Bad news: I was chauffeur and after the last one we dined at a highly rated (4.7 stars, 2000+ Google reviews) Cuban place. I ordered picadillo, one of my home-cook favorites. I know it varies considerably across and even within countries… but what I got was a watery, somewhat tomato flavored ground beef. No evidence of green peppers, onion, garlic, olives, capers, raisins, cumin, oregano. Zip. The “Cuban black beans” were just canned beans, no other flavors. Not planning to go back…
Gooder News: Each of the 3 firms indicated by the end of the day (before we’d finished dinner) that they were putting an offer together for him. News worth suffering mediocre food.
Well this is a good excuse to go out for a nice dinner again. To celebrate the SIL’s new job and to make up for the not-so-good one you just had. (And congrats to everyone all round for new jobs and having family closer.)
Dinner out with a friend at “Tomato & Onion”, a Japanese “family restaurant” chain which is part of the ubiquitous “Skylark” chain (of which “Gusto” is the most common.).
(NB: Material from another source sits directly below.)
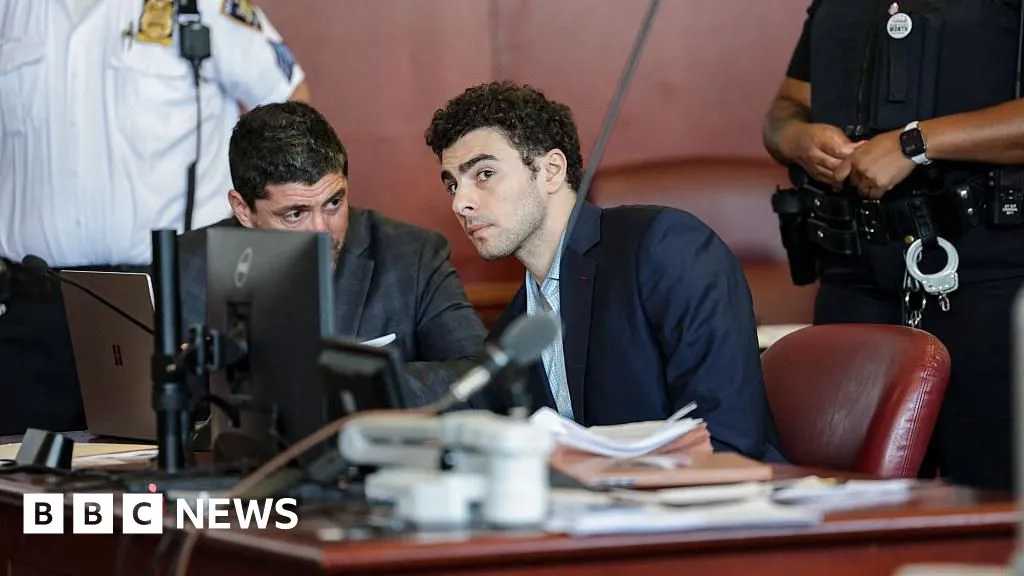Judge rules gun, writings are admissible in Luigi Mangione's New York murder trial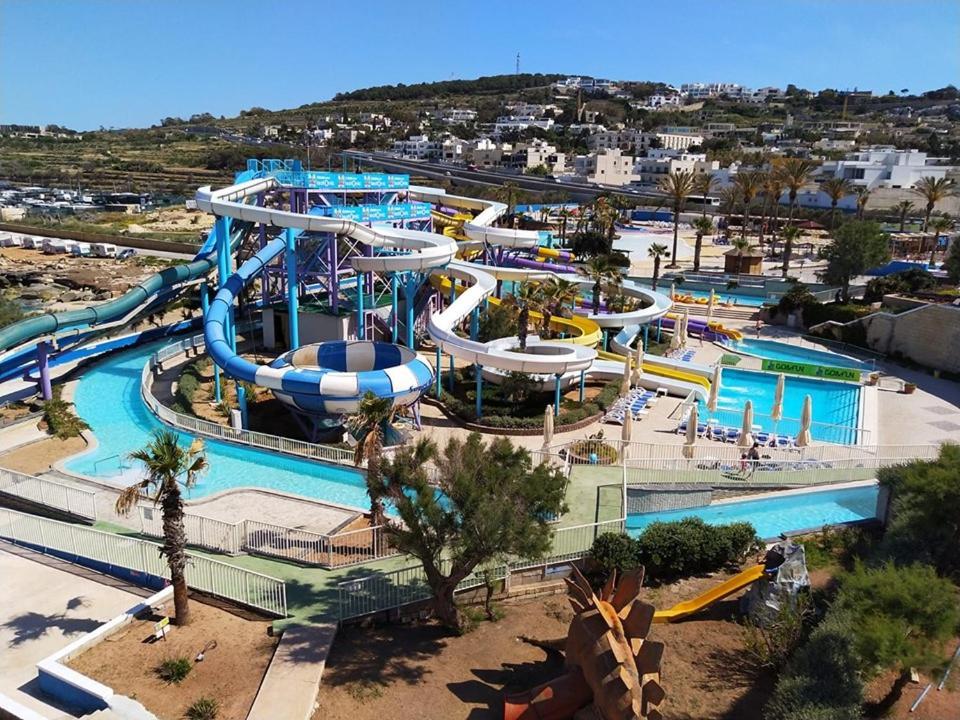 Prime Location Apartment With Side Seaviews Σλιέμα Εξωτερικό φωτογραφία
The chain specializes in “hamburg”, which is what Americans would call “salisbury steak” or “chopped steak”. I had intended to order something like that, but an order of “stir fried chicken and vegetables (carrots, lotus root, eggplant, kabocha squash and snap peas) in a black vinegar sauce” caught my eye. It tasted like a Japanese riff on sweet & sour chicken and was surprisingly good, especially for a chain restaurant.
I needed rice with this and ordered a “set” of rice, miso soup, daikon pickles, a small bowl of some vegetables in a blend of various Japanese sauces and an AYCE of one of this restaurant’s signature dishes, “black curry”. Whatever vegetables and/or protein had typically melted down into the curry which was spicy, but not “hot”. The curry at their sister restaurant “Gusto” is quite bad and I was expecting something similar and was VERY happy to be proven wrong about that…so much so that I had TWO bowls of it!
The cost for this was ¥1209/USD $8.17, but my friend kindly treated me to the meal from a gift card her father had as he’s a Skylark stockholder.
I could have eaten another bowl of that curry, but wisely decided not to. I tend to avoid Japanese “family restaurants” (which are basically like “Denny’s” in the US) because their food generally ranges from bad to mediocre, but this meal was good enough that I’ll go back again.